AT supera meta de receitas

A AUTORIDADE Tributária de Moçambique (AT) arrecadou, durante o ano passado, 278,86 mil milhões de meticais em receitas fiscal e aduaneira, valor acima da meta, mesmo tendo em conta a conjuntura económica adversa que o país viveu no período em referência.

Dados tornados públicos ontem em Maputo indicam que o valor arrecadado corresponde a uma realização bruta de 105,01 por cento em relação à meta orçamental de 265,60 mil milhões de meticais e líquida de 101,00% quando deduzidos os 16,5 por cento para o reembolso do Imposto sobre o Valor Acrescentado (IVA) nos termos da lei orçamental.

Assim, os impostos internos tiveram uma contribuição agregada de 204.03 mil milhões de meticais que corresponde a 77% da receita fiscal total, tendo os impostos externos contribuído com 74.83 mil milhões de meticais, correspondente a 23% da receita fiscal total.

A informação foi apresentada pela presidente da AT, Amélia Muendane, na abertura da primeira sessão ordinária do Conselho directivo alargado, que visava analisar o desempenho da receita do Estado no exercício findo, na qual participaram quadros seniores da instituição.

Segundo Amélia Muendane, os impostos sobre rendimento tiveram uma prestação de 104,74 por cento mercê das retenções na fonte e dos pagamentos à final enquanto que o IVA teve uma realização de 101,29% resultado da dedução do imposto nas importações e nas transacções internas.

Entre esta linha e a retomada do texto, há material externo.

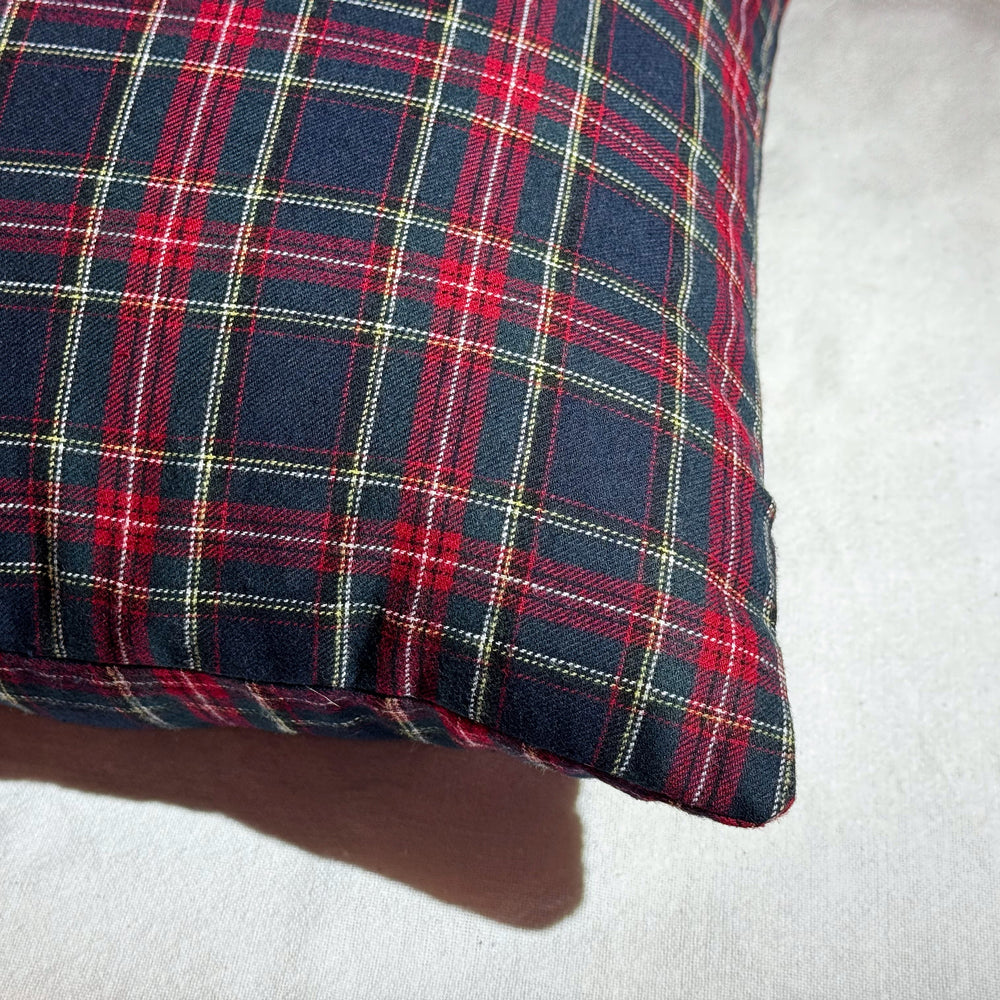 Plaid fabric pillow on a white surface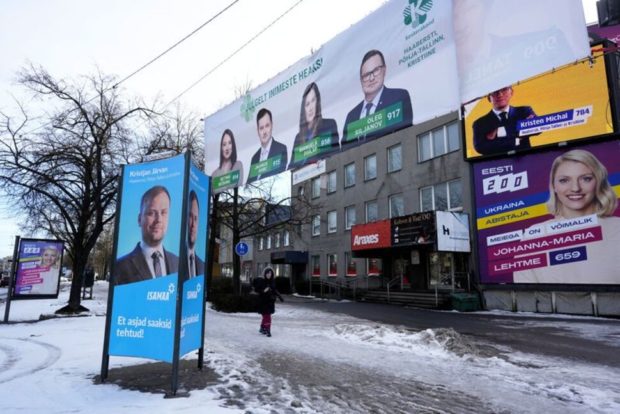 A person walks past Estonian political parties general election campaign placards next to the shopping mall in Tallinn, Estonia March 1, 2023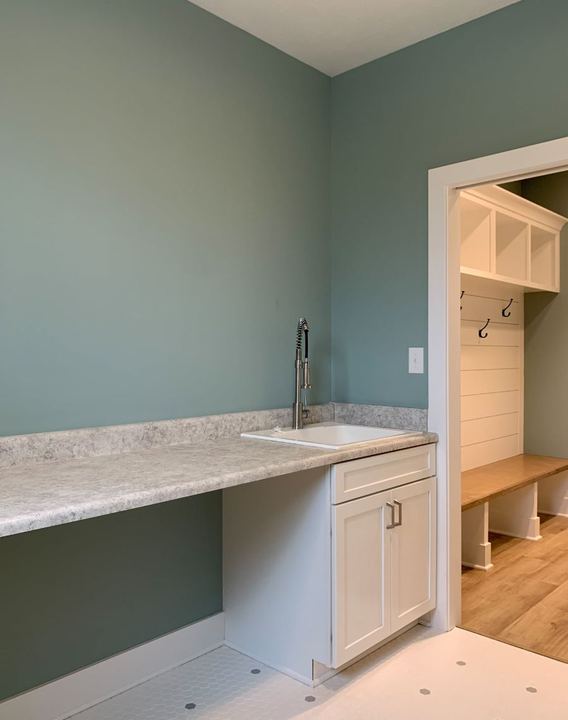Laundry room with white hex tile floor opening to a mudroom bench with plank flooring in Avon, IN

Explicou ainda que, os outros impostos nacionais tiveram por seu turno, um desempenho correspondente a 339,87 por cento, influenciados pelas entregas extraodinárias do imposto de selo.

De acordo com a fonte, para além dos impostos ora referidos, contribuíram ainda para o desempenho alcançado, o imposto específico da actividade petrolífera com 124,46 por cento.

O comportamento do imposto petrolífero foi influenciado pela procura de energia no mercado internacional devido à retoma da economia global e o Imposto Simplificado dos Pequenos Contribuintes (ISPC) que teve uma realização de 132,87 por cento.

A presidente da AT explica que, o desempenho deste imposto resultou da introdução de onze postos móveis em todo o território nacional que dinamizaram as actividades de cobranças e as campanhas de educação fiscal.

No ano passado, o país observou um contexto político, económico e social adverso, caracterizado pela desestabilização política nas províncias de Sofala e Manica e pelas manifestações terroristas em algumas regiões das províncias de Cabo Delgado e Niassa.

Estas acções tiveram um impacto negativo na capacidade de arrecadação de receitas provenientes de recursos internos e externos, factores que se associaram à conjuntura internacional decorrente da proliferação rápida da Covid-19, outro factor que concorreu para a desestabilização do potencial de cobrança no período em análise.

A AT passou, igualmente, em revista a política para a gestão de recursos humanos e prioridades para o presente ano.